_Material provided_
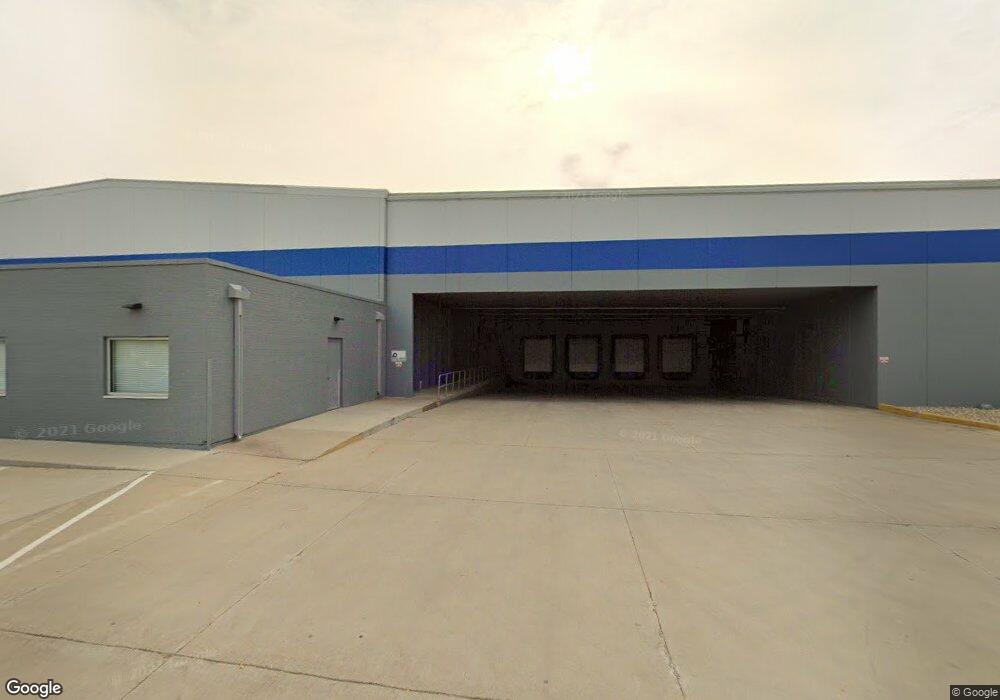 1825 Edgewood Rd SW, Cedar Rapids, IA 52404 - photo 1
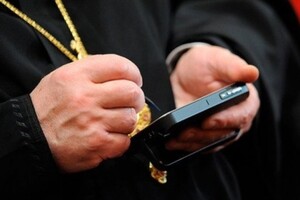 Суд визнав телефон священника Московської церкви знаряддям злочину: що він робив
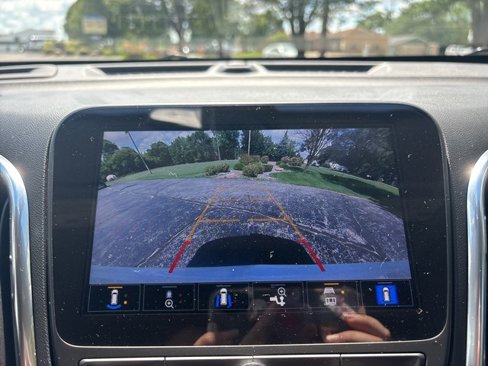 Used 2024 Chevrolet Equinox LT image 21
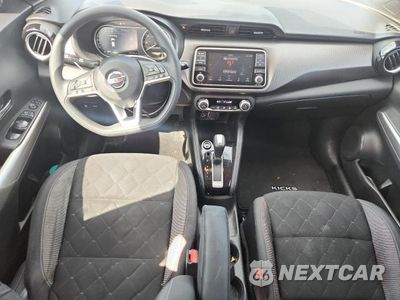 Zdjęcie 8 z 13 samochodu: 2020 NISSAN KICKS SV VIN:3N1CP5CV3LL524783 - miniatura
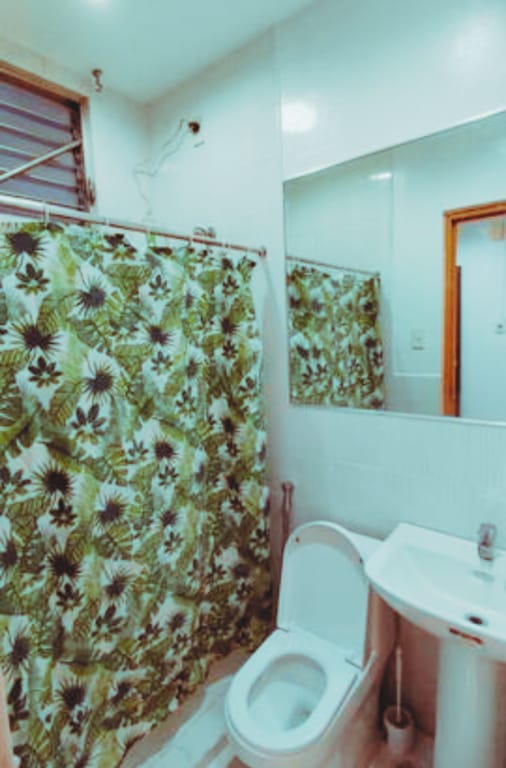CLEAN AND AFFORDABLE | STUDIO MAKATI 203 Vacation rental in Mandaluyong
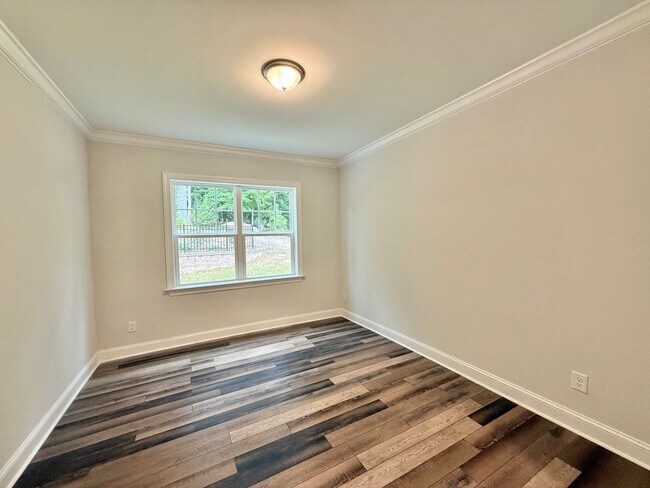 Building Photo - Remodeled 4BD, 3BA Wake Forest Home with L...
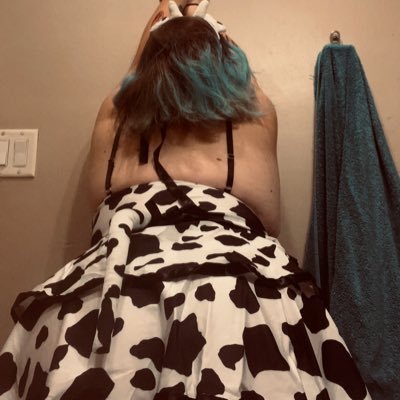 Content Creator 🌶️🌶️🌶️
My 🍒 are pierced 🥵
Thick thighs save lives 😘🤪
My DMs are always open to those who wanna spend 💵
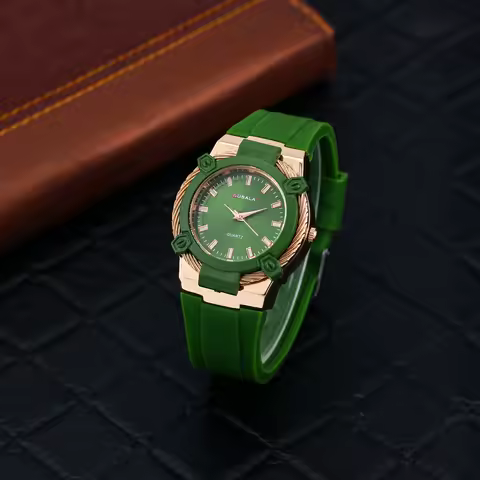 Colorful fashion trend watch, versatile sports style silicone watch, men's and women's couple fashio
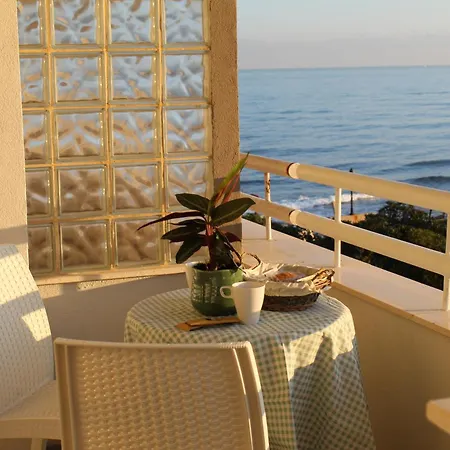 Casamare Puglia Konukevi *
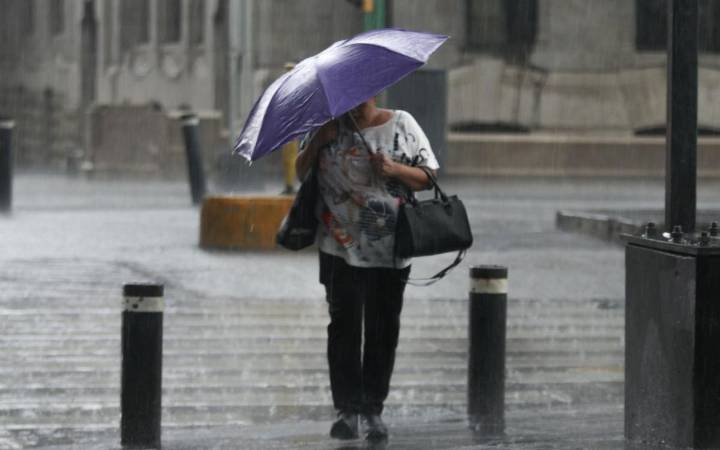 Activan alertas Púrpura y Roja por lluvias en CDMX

_Problem details_
Copy the records above from the first line through the line containing "Used 2024 Chevrolet Equinox LT image 21", both included, and leave out any pictures.

_Solution to this exercise_
 1825 Edgewood Rd SW, Cedar Rapids, IA 52404 - photo 1
 Суд визнав телефон священника Московської церкви знаряддям злочину: що він робив
 Used 2024 Chevrolet Equinox LT image 21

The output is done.